I. What is data analysis
Data analysis refers to the use of appropriate statistical analysis methods to analyze a large amount of data collected, summarize, understand and digest them, in order to maximize the function of data development, play the role of data, and maximize the value of data
2. What does data analysis do
Data analysis is the process of studying and summarizing data in detail in order to extract useful information and form conclusions. The mathematical foundations of data analysis were established in the early 20th century, but it was not until the advent of computers that practical operations were made possible and data analysis became widespread.
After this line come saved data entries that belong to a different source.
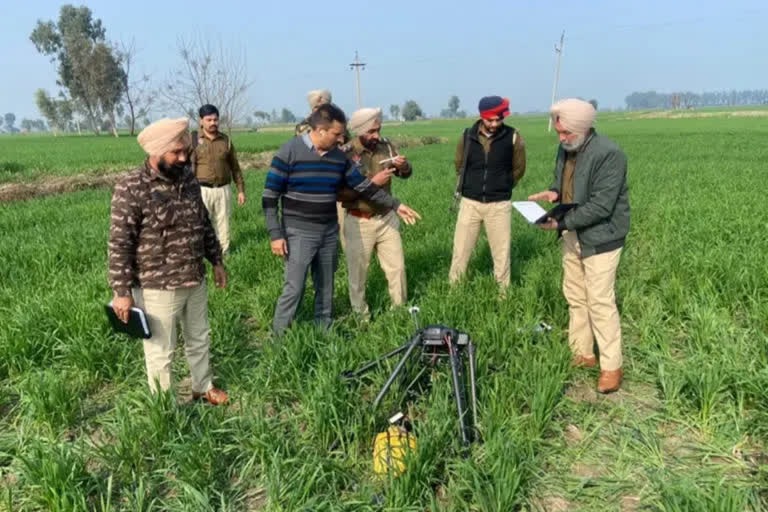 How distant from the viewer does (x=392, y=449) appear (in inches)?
93.0

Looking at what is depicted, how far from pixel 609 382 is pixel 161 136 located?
10.2ft

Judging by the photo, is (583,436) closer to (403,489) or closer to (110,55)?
(403,489)

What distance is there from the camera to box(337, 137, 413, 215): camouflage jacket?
409 cm

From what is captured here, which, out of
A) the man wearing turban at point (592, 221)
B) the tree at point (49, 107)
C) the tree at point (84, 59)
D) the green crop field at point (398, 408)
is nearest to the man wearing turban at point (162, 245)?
the green crop field at point (398, 408)

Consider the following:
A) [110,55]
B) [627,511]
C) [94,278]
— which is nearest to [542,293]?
[627,511]

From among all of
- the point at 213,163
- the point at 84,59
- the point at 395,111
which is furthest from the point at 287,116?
the point at 213,163

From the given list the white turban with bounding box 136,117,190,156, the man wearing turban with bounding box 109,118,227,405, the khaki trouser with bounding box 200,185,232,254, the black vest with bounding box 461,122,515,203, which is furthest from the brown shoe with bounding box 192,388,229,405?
Answer: the khaki trouser with bounding box 200,185,232,254

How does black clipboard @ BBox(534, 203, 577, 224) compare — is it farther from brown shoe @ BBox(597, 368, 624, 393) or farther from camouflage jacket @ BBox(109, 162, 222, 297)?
camouflage jacket @ BBox(109, 162, 222, 297)

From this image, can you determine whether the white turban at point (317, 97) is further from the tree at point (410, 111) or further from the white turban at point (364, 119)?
the tree at point (410, 111)

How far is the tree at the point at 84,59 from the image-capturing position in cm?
5550

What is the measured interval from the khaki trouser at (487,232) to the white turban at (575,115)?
5.23ft

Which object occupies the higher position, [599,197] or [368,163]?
[368,163]

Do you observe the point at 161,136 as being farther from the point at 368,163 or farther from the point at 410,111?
the point at 410,111

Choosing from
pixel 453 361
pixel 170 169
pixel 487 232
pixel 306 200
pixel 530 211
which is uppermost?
pixel 170 169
- Analyze users’ consumption behavior
- Develop plans for promotional activities
- Develop promotion timing and granularity
- Calculate user activity
- Analyze product buy-back strength
- Analyze click-through rates
- Determine launch time
- Formulate AD target group plan
- Decide on the release of relevant platforms
- .
Data analysis the use of appropriate methods to analyze large amounts of data collected to help people make decisions and take appropriate actions
- Insurance companies use large amounts of claims data to determine what is likely to be fraudulent
- Alipay automatically adjusts the amount of huabei based on a large number of users’ consumption records and behaviors
- The short video platform pushes favorite videos to users based on users’ clicking and viewing behavior data
3. Why study data analysis
- Job demand
- Is the foundation of Python data science
- It’s the foundation of machine learning
Iv. Realization process of data analysis
- Ask questions
- To prepare data
- Analyze the data
- Get the conclusion
- Visualization of results
5. Set up the data analysis environment
1. Anaconda
-
Download the installation package from www.anaconda.com
-
Note: The installation directory cannot contain Chinese characters and special symbols
Anaconda integrates all the environments needed for data analysis and machine learning
2. Jupyter
- Jupyter is a visual development tool based on Web provided by Anaconda
3. Basic use of Jupyter
-
Start: type jupyter Notebook in the terminal and press Enter
-
Create a New file: New –>> PYTHon3
-
Cell (block of code) has two modes
- Code: Write code
- Markdown: Write notes
-
shortcuts
-
Add cell A or B
-
Delete: x
-
Example Change the cell mode
- Change to MarkDown mode:
m
- Change to code mode:
y
- Change to MarkDown mode:
-
Run shift+ Enter
-
Auto completion: TAB
-
Open the help document: Shift + TAB
-
How to use Python for data analysis
We can’t do data analysis in Python without the following three musketeers
- Numpy
- Pandas
- Matplotlib
Numpy module
- Numerical Python (Numpy) is the basic library for performing scientific calculations in Python. The emphasis is on numerical computation, which is the basis of most of Python’s scientific computation library and is used for numerical operations performed on large, multidimensional arrays.
1. Creation of Numpy
-
Use array() to create a one-dimensional array
- use
array()
Create a multidimensional array
-
Use zero() to create a multidimensional array
-
Use ones() to create a multidimensional array
- use
linspace()
Creates a one-dimensional arithmetic array
-
Use arange() to create a one-dimensional arithmetic array
-
Use random.randint() to create a random multidimensional array
2. Common attributes of Numpy
- shape
- ndim
- size
- dtype
3. Index and slice of Numpy
-
Indexes operate the same way as lists
-
Slicing operation
4. Matrix operations for Numpy
-
Matrix deformation
-
Cascade operation
- Splicing multiple Numpy arrays horizontally or vertically
- Axis Indicates the axial parameter
-
0: column
-
Line 1:
-
-
Common aggregation operations
- sum, max, min, mean
-
Commonly used statistical functions
-
Standard deviation: a measure of the spread of the mean values of a set of data
-
Variance: The variance in statistics is the mean of the square of the difference between each sample and the mean of the entire sample, i.e. Mean ((x-x.bean ())**2. In other words, the standard deviation is the square root of the variance.
-
Pandas module
1. Why are you watching Pandas
Numpy will help us deal with numerical data, while Pandas will help us deal with other types of data.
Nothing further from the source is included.